If you're having trouble relating to your colleagues, some objective self-analysis may reveal that you have a similar problem in your relationships with your spouse or children. In particular, says Annmarie Neal, a senior consultant in the Denver office of management consulting firm RHR International, how you control your children may mirror how you exert control over your employees. Because behavior tends to be consistent across settings, Neal says paying attention to how you function both at and away from work can help you uncover problems and even help you become a better boss.
"The closer the family dynamics are to the business, the more important it is to pay attention to those issues," Neal says. "In a large company, the boundaries are a lot clearer because the processes and structures of the business keep those boundaries intact. In smaller organizations, family dynamics inevitably emerge because we're not clear on our business boundaries."
Neal suggests using the following questions to identify your strengths and potential problem areas. In addition to answering the questions yourself, solicit feedback from your family members and co-workers.
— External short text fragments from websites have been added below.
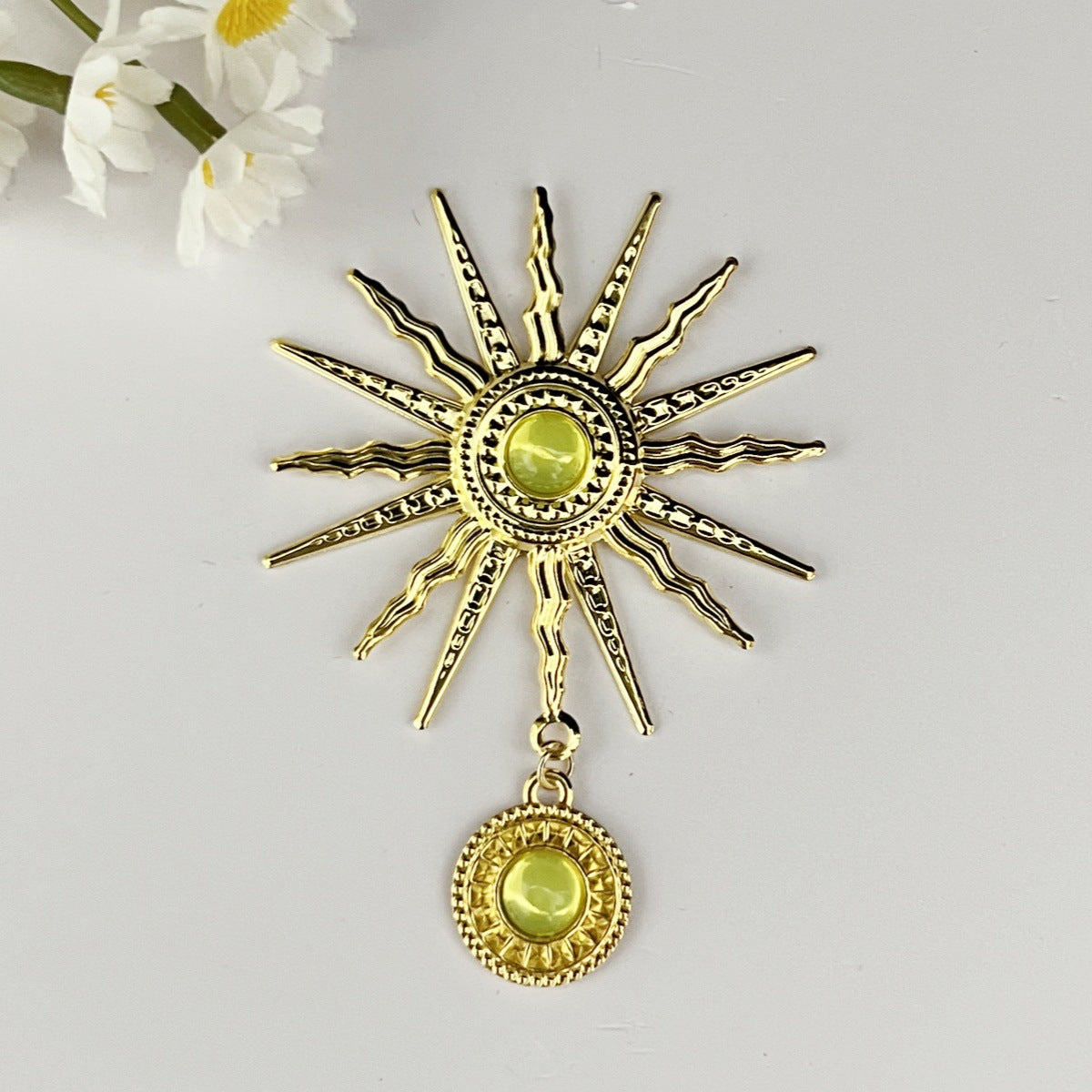 Pearl Sunflower DIY Jewelry Virgin Halo Baroque Lolita Dark Gothic Cos Headdress Style Accessories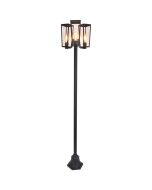 Lutec Pine 7196603012 mat zwarte lantaarnpaal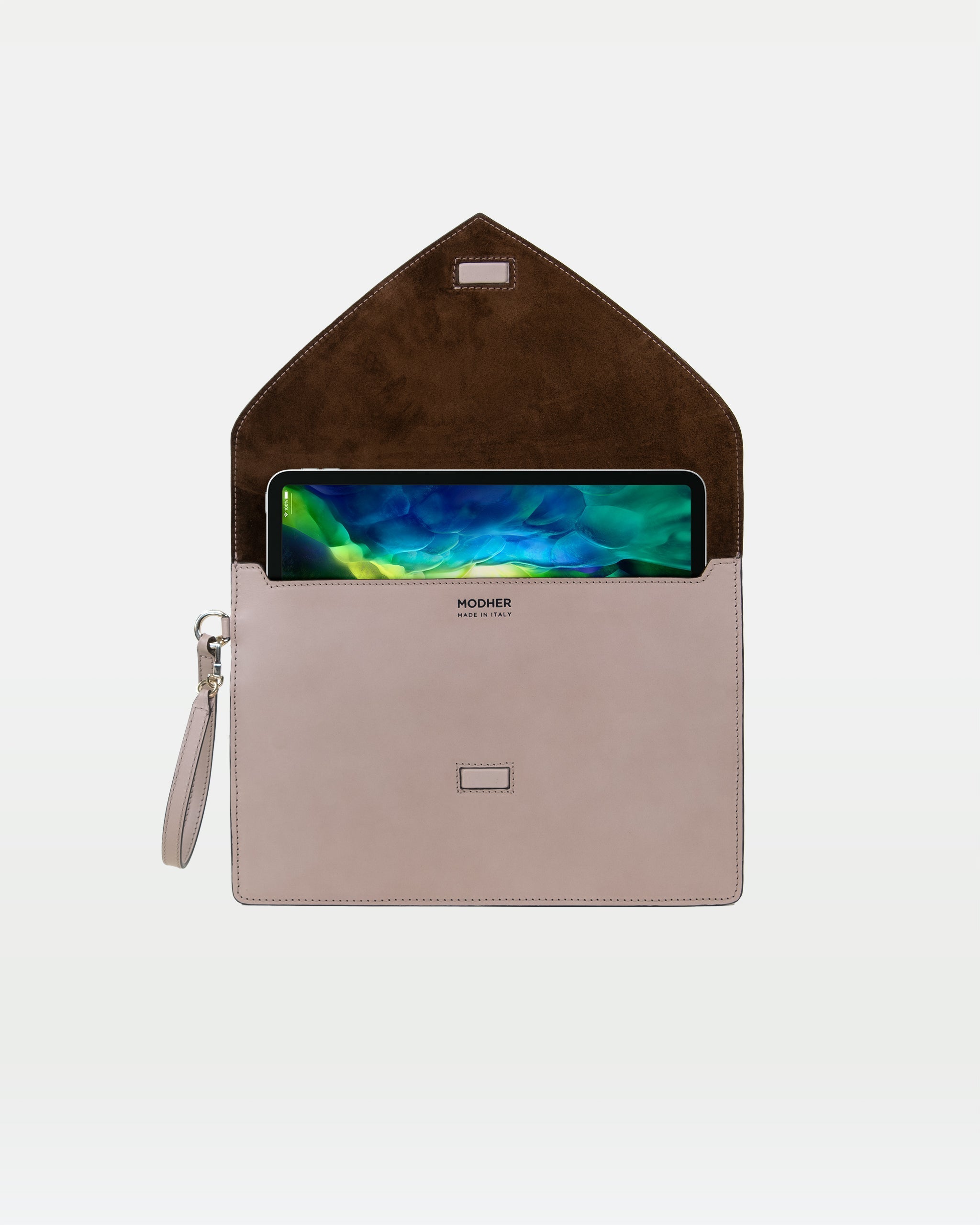 Envelope Clutch | Calfskin and Suede Leather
- How is your management style similar to and different from your parenting style?
- How are your work relationships similar to and different from your sibling relationships?
- How is the role you play in your family similar to and different from roles you play in peer groups at work?
- Do your bad habits play themselves out at work as well as at home?
- Do you react toward people at work in ways you don't understand? If so, do these people remind you of any family members?
Often, the process of identifying and articulating a problem will also provide the solution. If it doesn't, you may want to consider seeing a counselor with expertise in workplace issues. If your actions don't seem to be doing much good in either environment, start practicing new behaviors at home, where you likely feel safer; when you're ready, you can transfer them to your workplace.